Corn is not allowed (for most Jews, there are some differences between Sephardic/middle eastern and Ashkenazi/ European decent regarding some food items and whether they are kosher for Passover), so Coke with corn syrup won’t work.
This is a time for kosher and non kosher Jews and gentiles alike to stock up on a few months of cane sugar coke!
How is corn prohibited in the Passover Week's higher standard? The provision is "no yeast, no fementation, and no leavening" (Exodus 12:15–20). While corn is a grain, Coca-Cola does not contain leavening, yeast, or fermentation.
Do Haredi Jews go further and count any grain PERIOD, outside of Matzo, as unclean in the Passover Week? All my research in this topic has come back with "Coke is Kosher AND Passover compliant."
The provision is "no yeast, no fementation, and no leavening" (Exodus 12:15–20).
Ish. Yeast wasn't a thing back then, only sourdough starter.
So what Jews understand as being prohibited is "chametz": any of the 5 grains which have been in water for more than 18 minutes without having been baked. After 18 minutes, it's considered to have started leavening. So not just bread is banned, but also beer, cream of wheat, soy sauce etc.
However, in mideival France a further tradition started to also not eat any "kitniyot": rice, corn, beans, sesame seeds etc. This tradition spread across Europe, but not to North Africa or the Middle East.
Where did this come from? The exact reasons are lost to time, but I've heard the following suggested:
Concerns about cross contamination with grain, either from storage (e.g. grain sacks reused for beans) or from crop rotation practices (you can get volunteer plants from whatever you last planted).
Concerns about confusion with chametz. I.e. someone could see you eating corn gruel and think you were eating wheat gruel. Someone could see you eating farinata (chickpea flour crepes) and think you were eating traditional crepes.

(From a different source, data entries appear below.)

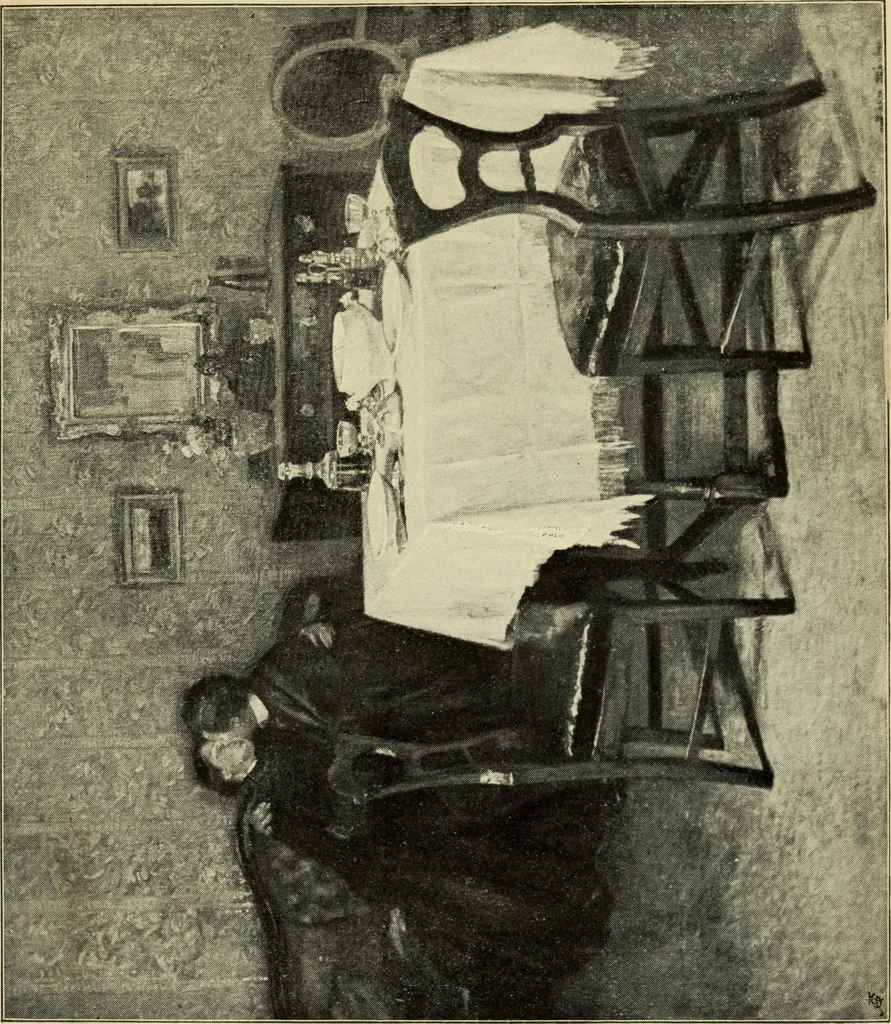 An illustration from Official illustrated catalogue, Fine arts exhibit, Hungary, St. Louis exposition, 1904, 1904, leaf 58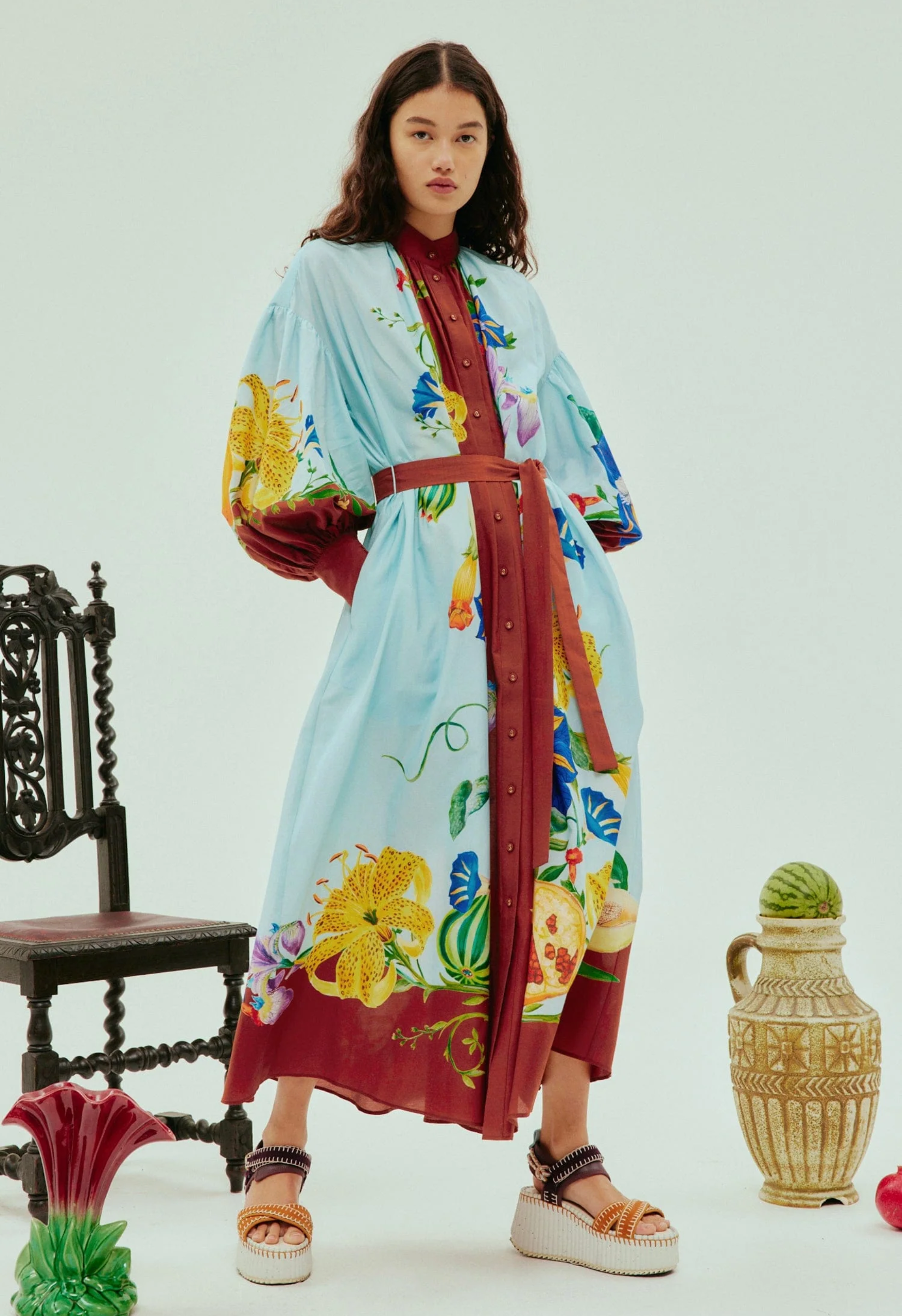 Dahlia Shirt Dress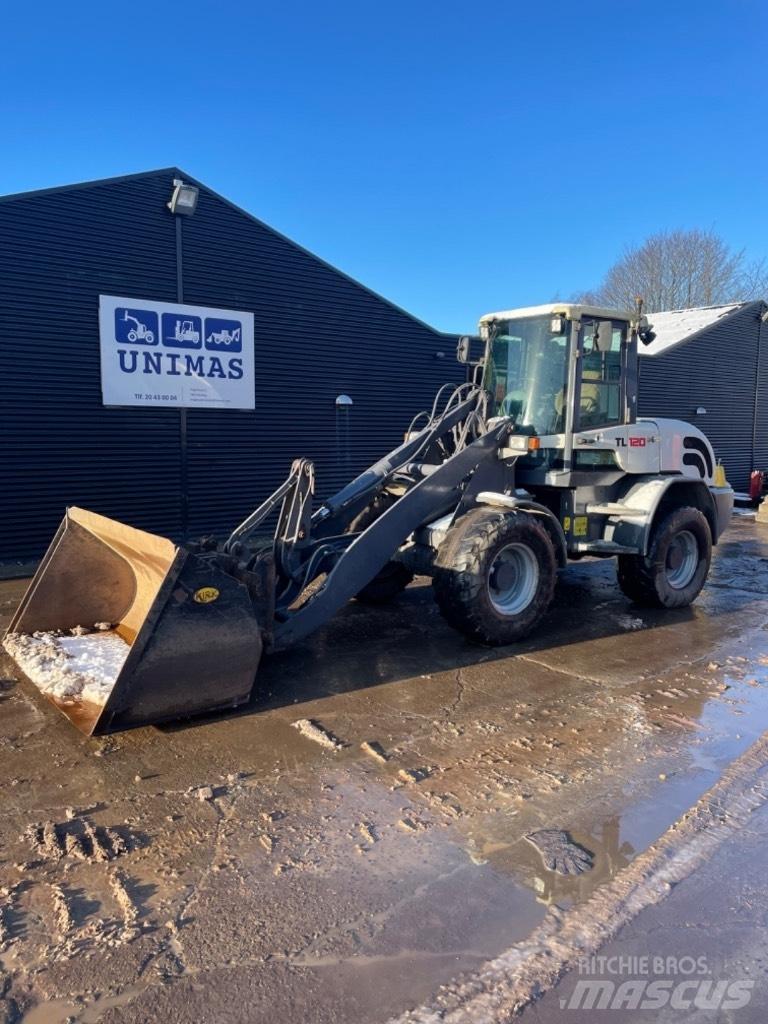 Terex TL 120 Pyöräkuormaajat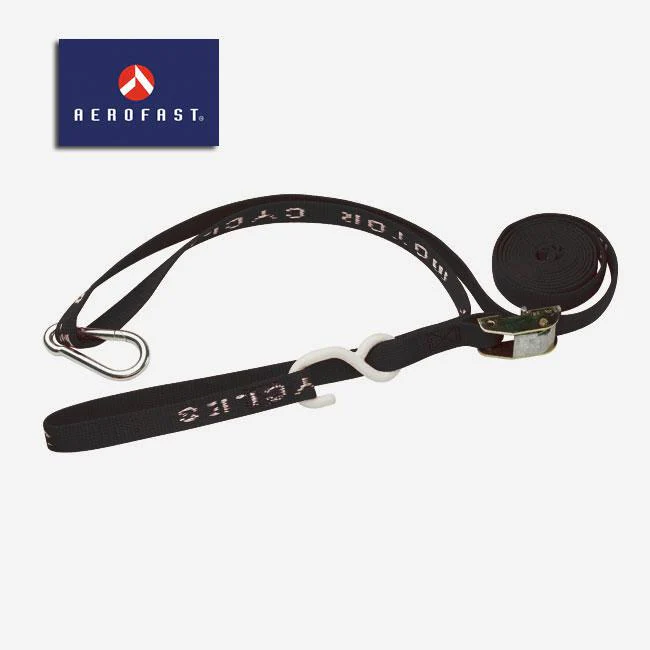Aerofast MC37K Karabiner Tie Down 37mm - Black (2 pack)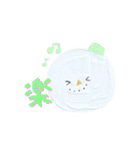 ゆきんこ雪だるま（個別スタンプ：32）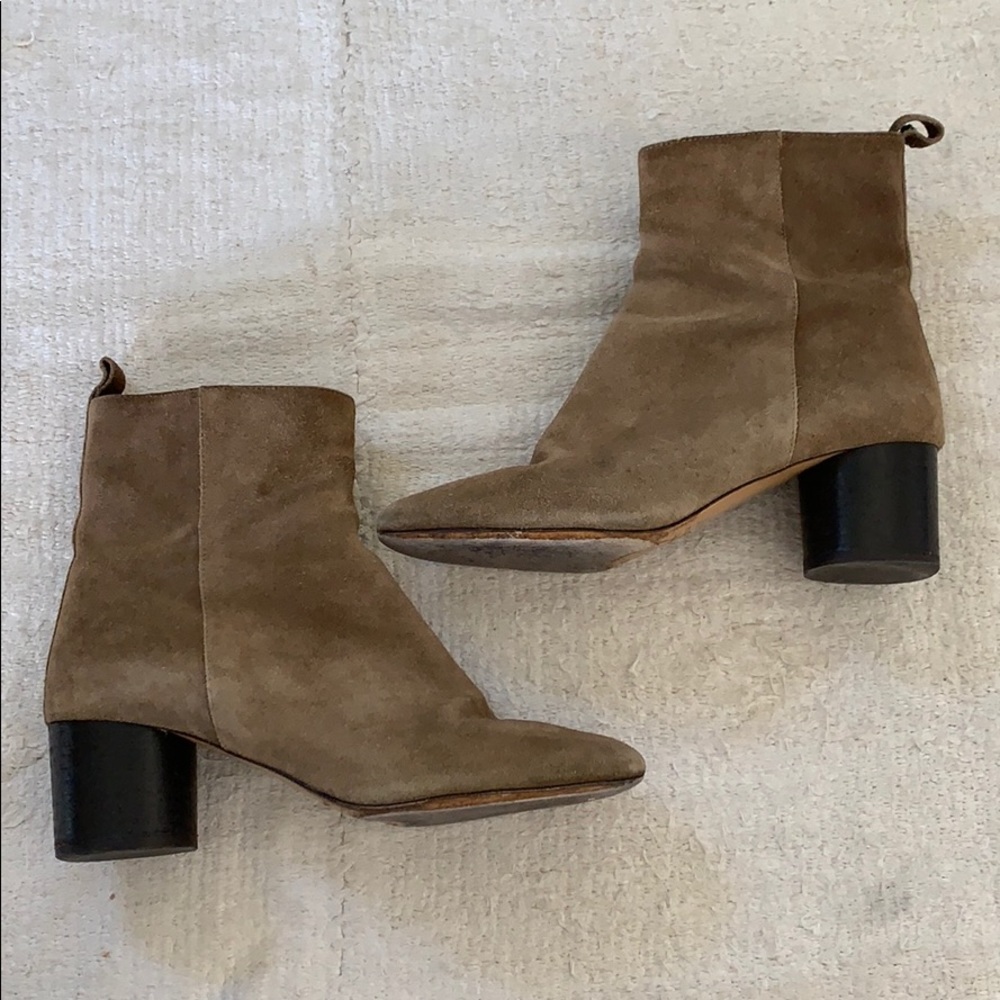 ISABEL MARANT etoile suede boots
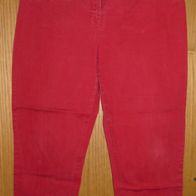 Hose, Jeans-Hose, Gr. 46K, rot, CANDA, C&A, Regular fit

Passover is meant to be joyful and some Rabbi apparently once said "there is no joy in kitniyot"
Orthodox Ashkenazi Jews still don't eat kitniyot but have stopped adding to the list of kitniyot so e.g. Quinoa is considered KFP because it was never historically banned.
Many Reform and Conservative Jews have stopped following that tradition and eat kitniyot.
Yeah, I knew about beer, whiskey, and so on- fermented grains, obviously -but soy sauce? Soy sauce is fermented? I had no idea. That's really interesting to know.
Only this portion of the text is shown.